例：Elasticsearch的版本为5.4.0，那么

　　　　<dependency>

            <groupId>org.elasticsearch.client</groupId>

            <artifactId>transport</artifactId>

            <version>5.4.0</version>

        </dependency>

下方开始介绍Spring Boot整合Elasticsearch, 并且如何同步mysql和Elasticsearch的数据。

我的版本（经过我自己的使用，确认没有问题）：

　　1.电脑：windows10操作系统

　　2.Elasticsearch版本：7.0.0

　　3.ik分词器版本：7.0.0（必须和Elasticsearch版本一致）

　　4.这个如果不是想要学习使用语句，其实是可以不要的，因为elasticsearch-head-master可以切换进“数据浏览”查看数据，凡是可以通过postman之类的操作的，elastcisearch-head-master都可以通过图形界面操作成功。postman: 无版本（这个用来查看indexs的数据）当然，相类似的工具还有curl, kibana, 当时这两个需要要版本和Elasticsearch一致，相比较麻烦（外国网站，我就普通下载花了1整天才下完，所以不想下载这两个可以选择不下载，对我们写代码没有影响）

　　5.elasticsearch-head-master: 无版本的（这个下载源代码后需要编译，启动方式：

　　　　需要先启动Elasticsearch(浏览器输入localhost:9200,出现关于elasticsearch的信息json文本说明成功)，再：

　　　　方式1.cmd切换到文件夹后npm run start, 然后浏览器网址处输入localhost:9100

　　　　方式2.或者选择直接双击文件夹中的index.html文件）

　　6.Spring Boot版本：2.2.4RELEASE

　　若是关于Elasticsearch的一些基础安装和使用不会可以百度，下面正式开始了

开始使用：整合方式我了解到的有如下几种

　　1.使用elasticsearch官方的logstash进行mysql和Elasticsearch的数据同步, 下面我介绍的就是这种。限制：需要和Elasticsearch版本相同版本的Logstash, Elasticsearch的官网可以下载Logstash(下载速度也很慢，我下载的是7.0.0，超过100M, 花了一上午时间)

　　2.使用Bboss这个开源项目，它的官方说法是兼容所有版本的Elasticsearch. 因此不会出现版本问题，可以点击开始学习前往，说明很详细

　　3. 使用elasticsearch-river-jdbc, 不推荐。和它类似的还有2种，但是不推荐，原因：支持的Elasticsearch过低。这个似乎是最高支持6.0左右的版本，另外两个的其中一个只支持Elasticsearch2.0版本左右，所以我也记不得了就不介绍了，有兴趣的可以去看看。

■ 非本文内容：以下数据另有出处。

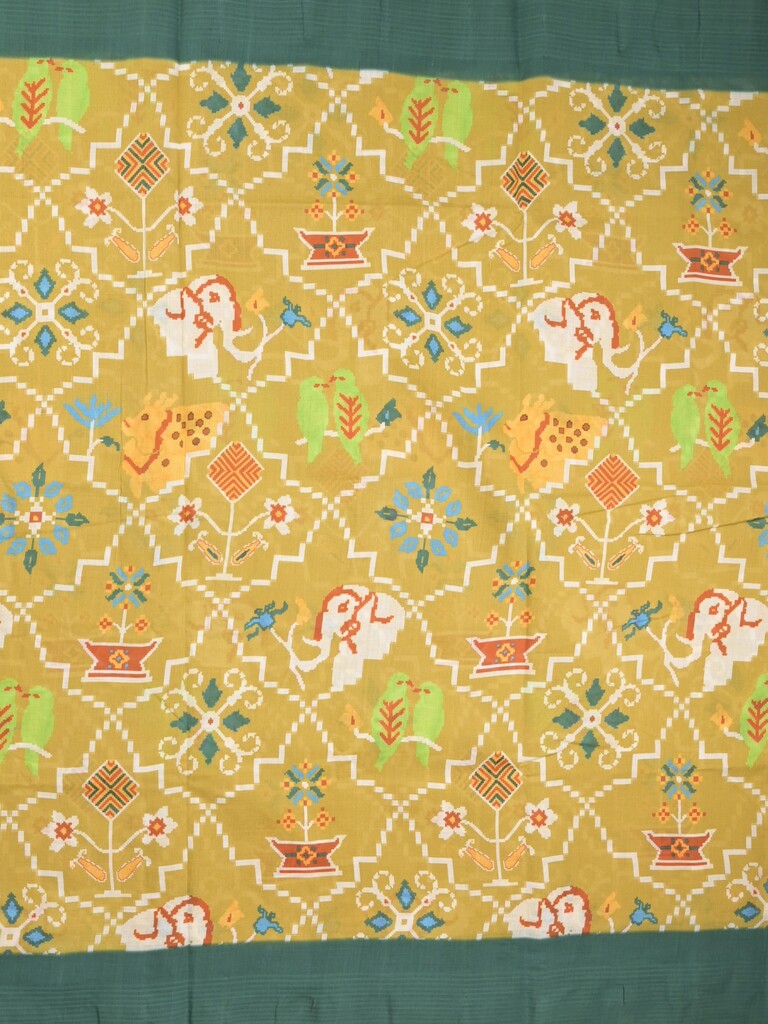 Mangalagiri cotton saree in golden yellow color with contrast pallu and plain blouse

Spring Boot使用Elastcisearch, 并且使用Logstash同步mysql和Elasticsearch数据：

1.Spring Boot使用Elasticsearch：

    <dependency>

            <groupId>org.springframework.boot</groupId>

            <artifactId>spring-boot-starter-data-elasticsearch</artifactId>

        </dependency>

<!--版本是和Spring Boot的parent同步的，默认2.2.4RELEASE,里面的spring-data-lasticsearch版本为3.2.4.RELEASE,
再里面的elasticsearch-rest-high-level-client和transport版本为6.8.6-->

具体的整合讲解可以参考这篇文章

2.下载Logstash，我选择的是zip压缩包下载后解压，不能放中文路径（像这种开发用的东西最好全放英文路径下，我上次还碰到过安装路径有符号也会报错的）。

1.判断是否安装成功：命令忘记了，这个不重要，我们直接下一步。

2.进入Logstash的bin目录下，在里面自己创建jdbc.conf文件，文件名随意，后面cmd命令跟着变就行了：cmd进入bin文件夹下使用命令:logstash -f jdbc.conf

input {
    jdbc {
      jdbc_connection_string => "jdbc:mysql://localhost:3306/seven_forum?useUnicode=true&characterEncoding=UTF-8&useJDBCCompliantTimezoneShift=true&useLegacyDatetimeCode=false&serverTimezone=UTC"
      jdbc_user => "root"
      jdbc_password => "root"
      jdbc_driver_library => "D:\softwareRepository\logstash-7.0.0\config\test-config\mysql-connector-java-5.1.46.jar"
      jdbc_driver_class => "com.mysql.jdbc.Driver"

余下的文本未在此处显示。